Koalisi yang bergabung antara lain; Gemawan, LPS Air, Kontak Borneo, JARI, Pontianak Institute, dan WWF. Ikut pula berbagai elemen masyarakat, seperti seniman, budayawan, pengusaha, pegiat sosial, mahasiswa dan masyarakat umum.

Dalam aksi ini, Koalisi mendesak aparatur negara menindak tegas pelaku pembakaran lahan. Beni Sulistio, dari Swadesi mengatakan,  asap ini karena perusahaan sengaja membuka lahan. Dia berharap, aksi damai ini bisa membuka mata pemerintah serius mengatasi kabut asap yang berdampak pada masyarakat.

“Aparat hukum harus bertindak agar memberikan efek jera kepada pembakar hutan dan lahan,” kata Muhammad Lutharif, dari Kontak Rakyat Borneo.

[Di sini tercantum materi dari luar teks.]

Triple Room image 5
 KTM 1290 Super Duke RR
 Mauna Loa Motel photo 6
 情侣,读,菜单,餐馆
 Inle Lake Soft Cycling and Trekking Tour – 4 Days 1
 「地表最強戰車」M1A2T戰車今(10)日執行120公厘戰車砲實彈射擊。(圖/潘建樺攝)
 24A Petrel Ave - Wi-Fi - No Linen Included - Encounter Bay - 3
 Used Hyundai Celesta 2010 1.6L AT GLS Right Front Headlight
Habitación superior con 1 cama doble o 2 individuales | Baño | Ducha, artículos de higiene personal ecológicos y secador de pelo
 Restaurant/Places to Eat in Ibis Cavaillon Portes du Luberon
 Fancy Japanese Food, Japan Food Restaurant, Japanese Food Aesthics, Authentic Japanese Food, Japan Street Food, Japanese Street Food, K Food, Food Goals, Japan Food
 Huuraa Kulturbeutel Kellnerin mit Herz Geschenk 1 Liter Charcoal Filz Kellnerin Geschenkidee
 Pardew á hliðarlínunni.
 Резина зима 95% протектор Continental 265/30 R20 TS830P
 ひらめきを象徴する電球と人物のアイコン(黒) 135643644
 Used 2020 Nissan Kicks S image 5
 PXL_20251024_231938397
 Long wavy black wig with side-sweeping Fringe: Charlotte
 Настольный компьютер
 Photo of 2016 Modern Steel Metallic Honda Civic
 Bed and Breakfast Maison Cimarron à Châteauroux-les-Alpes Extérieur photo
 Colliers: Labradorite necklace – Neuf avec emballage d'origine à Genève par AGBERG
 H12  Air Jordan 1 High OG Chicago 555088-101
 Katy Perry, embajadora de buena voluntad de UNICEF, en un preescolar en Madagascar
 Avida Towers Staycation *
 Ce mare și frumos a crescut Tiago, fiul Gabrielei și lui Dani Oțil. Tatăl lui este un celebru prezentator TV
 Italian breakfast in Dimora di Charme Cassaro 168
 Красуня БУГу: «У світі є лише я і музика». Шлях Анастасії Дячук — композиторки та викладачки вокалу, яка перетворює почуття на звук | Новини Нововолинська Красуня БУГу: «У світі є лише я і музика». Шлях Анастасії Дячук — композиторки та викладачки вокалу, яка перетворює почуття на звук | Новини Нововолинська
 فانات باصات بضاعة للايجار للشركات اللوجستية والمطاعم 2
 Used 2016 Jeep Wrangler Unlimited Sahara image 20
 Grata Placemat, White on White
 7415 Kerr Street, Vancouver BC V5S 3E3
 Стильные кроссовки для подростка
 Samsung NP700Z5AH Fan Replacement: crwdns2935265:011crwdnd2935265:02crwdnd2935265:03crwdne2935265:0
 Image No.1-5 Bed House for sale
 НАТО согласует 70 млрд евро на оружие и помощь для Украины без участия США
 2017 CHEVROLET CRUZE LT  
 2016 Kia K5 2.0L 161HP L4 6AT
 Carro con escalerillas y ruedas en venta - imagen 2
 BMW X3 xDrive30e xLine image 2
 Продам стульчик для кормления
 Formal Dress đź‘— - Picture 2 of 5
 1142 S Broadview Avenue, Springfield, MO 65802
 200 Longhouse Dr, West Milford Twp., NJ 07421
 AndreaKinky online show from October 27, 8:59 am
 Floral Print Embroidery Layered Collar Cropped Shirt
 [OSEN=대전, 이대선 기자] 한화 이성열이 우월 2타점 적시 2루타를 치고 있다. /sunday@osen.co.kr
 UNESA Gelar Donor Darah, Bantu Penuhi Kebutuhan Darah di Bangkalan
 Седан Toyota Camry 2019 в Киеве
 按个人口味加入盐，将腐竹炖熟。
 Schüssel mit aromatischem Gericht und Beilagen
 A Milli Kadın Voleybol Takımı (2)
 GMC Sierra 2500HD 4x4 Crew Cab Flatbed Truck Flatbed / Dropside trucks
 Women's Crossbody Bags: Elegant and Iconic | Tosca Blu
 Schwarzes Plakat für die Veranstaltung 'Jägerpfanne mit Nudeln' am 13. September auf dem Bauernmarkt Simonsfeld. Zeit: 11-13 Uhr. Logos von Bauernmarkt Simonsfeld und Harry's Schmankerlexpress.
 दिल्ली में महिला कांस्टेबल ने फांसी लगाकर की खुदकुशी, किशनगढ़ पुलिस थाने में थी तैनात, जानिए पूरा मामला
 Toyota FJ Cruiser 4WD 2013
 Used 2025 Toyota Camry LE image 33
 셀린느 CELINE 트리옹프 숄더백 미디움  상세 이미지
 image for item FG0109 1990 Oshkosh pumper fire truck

Dia mengkritisi, penegak hukum belum menyasar perusahaan pembakar yang membuka lahan masif. Saat ini, yang ditangkap baru perorangan atau masyarakat kecil. Padahal, penegak hukum bisa mengacu pada analisa hotspot, yang menunjukkan beberapa wilayah pemegang konsesi terdeteksi kebakaran.

Bahkan, sesuai aturan, jika ada kawasan dekat konsesi terbakar, perusahaan wajib memadamkan. Ketidakpedulian perusahaan, katanya, bisa mendapat sanksi. Penegak hukum, katanya, juga harus mencermati modus operandi perusahaan, yang mengupah masyarakat kecil membakar di luar konsesi.

Hermawani Putra, WWF Regional Leaders Kalimantan menambahkan, aparat hukum bisa meminta data kepada organisasi pegiat lingkungan terkait data perusahaan-perusahaan yang terindikasi membakar lahan. “Penegakan hukum di Kalbar, salah satu kunci mencegah kabut asap berulang,” katanya.

Dia mendesak, pemerintah daerah tidak abai kabut asap. Sebab, dampak asap tak hanya ekonomi juga kesehatan, dan pendidikan. “Anak sekolah harus terhambat karena libur, atau sakit karena paparan asap.”

Hermawansyah, Direktur Swandiri Institute, mengatakan, water bombing dan modifikasi teknologi hujan buatan merupakan upaya setelah asap terjadi. “Seharusnya, ada tindakan pencegahan. Jika penegakan hukum dikedepankan, akan menjadi efek gentar bagi perusahaan pembakar lahan.”

Menurut dia, terkait titik api, seharusnya jelas bisa dilihat dengan membandingkan peta perizinan perkebunan. “Jika berada di konsesi perusahaan, ya harus ditindak karena perusahaan wajib mencegah, menanggulangi dan dilarang membuka lahan dengan membakar.”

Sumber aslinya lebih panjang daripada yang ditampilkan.